Home Opinion Catholic writer Kathryn Jean Lopez on the pro-life movement’s ‘front lines of love’

Catholic writer Kathryn Jean Lopez on the pro-life movement’s ‘front lines of love’

by Charlie Camosy

As the pro-life movement faces tensions with previous political allies, Catholic writer Kathryn Jean Lopez, a senior fellow at the National Review Institute and religion editor at National Review magazine, recently spoke with Charles Camosy for OSV News about the loving, human encounters that can spread what St. John Paul II called “the Gospel of Life,” even in difficult times.

Charles Camosy: A new year begins in darkness. Quite literally. Even with all the resolutions and hope of ordinary times before the penance of Lent, there have been dark days of late for the pro-life movement, even coming from those who claim to be our allies. Where do you see hope right now? 

Kathryn Jean Lopez, a senior fellow at the National Review Institute and editor-at-large of National Review Online, is the author of “A Year With the Mystics: Visionary Wisdom for Daily Living.” (OSV News photo/Tan Books)

Kathryn Jean Lopez: Besides the Christ Child? Of course, he is our hope. And it is because of him and the hope he gives us that we must live differently. Pope Benedict talked about this in his encyclical on hope, “Spes Salvi,” as you know. 

I try to visit as many pregnancy care centers and maternity homes as I can and listen to people. There’s a whole country out there of people doing heroic things. You know I spent a little time — albeit probably more than was healthy — regularly in front of the flagship Planned Parenthood in lower Manhattan for a time. It was formerly named after the eugenic founder of the abortion giant, Margaret Sanger, and Planned Parenthood was even pressured in recent years to take her name off the building and, eventually, even off the city street corner. 

One of the things that experience — seeing and talking to women and girls in agony, absolutely exhausted and disgusted — further convicted me of is our need to make sure that we are reaching beyond the people who will read this interview. 

Do the young people in our lives know that we will be there for them with unconditional love if they find themselves facing an unexpected pregnancy? And are we going to the peripheries, as Pope Francis used to say? 

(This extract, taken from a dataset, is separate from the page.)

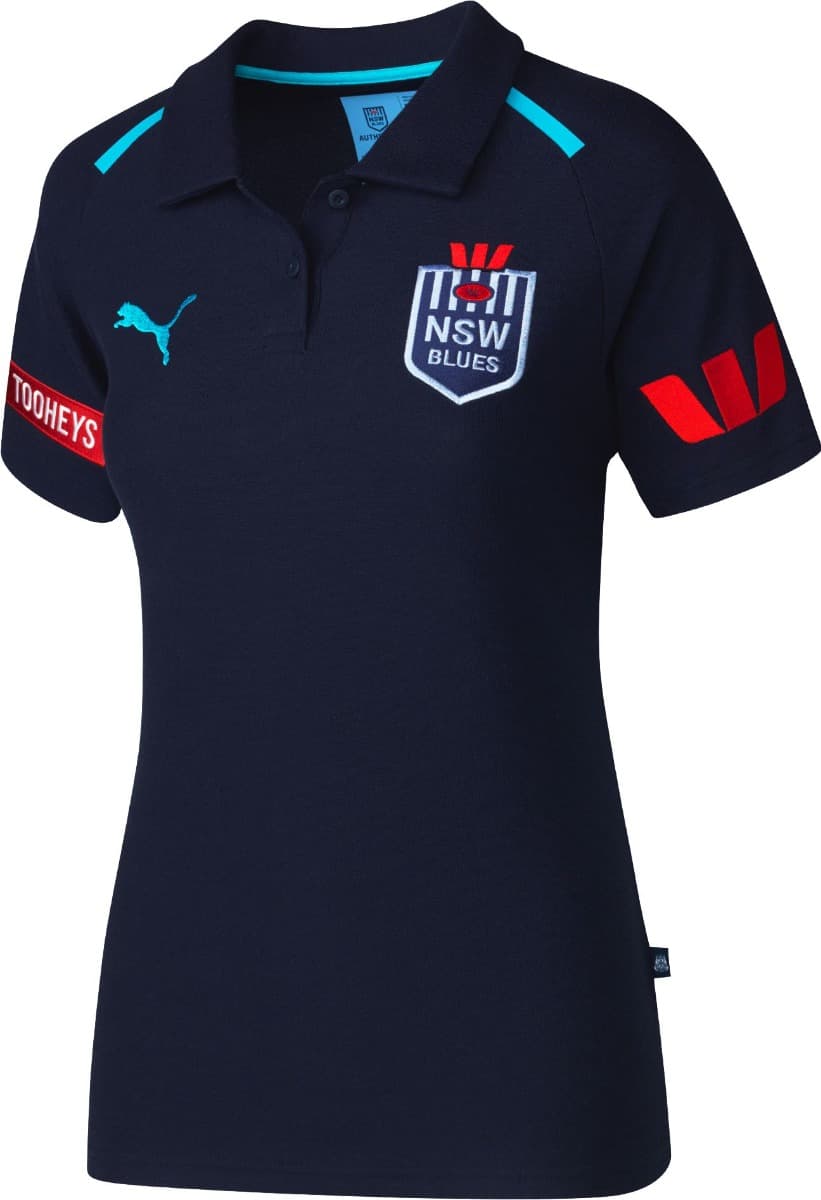 NSW Blues 2024 State of Origin Ladies Players Team Polo Shirt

I think of Grazie Christie, a doctor friend who works in the Miami area as a radiologist and gives regular time to pregnancy care centers for sonogram readings but also teaching about healthy sexuality to young people. The girls think they have to use or be used. Or they think they must be used by boys and men if they are going to have any shot at some semblance of love. They deserve better than that. And for the boys and men to learn to be more than serial users would be transforming.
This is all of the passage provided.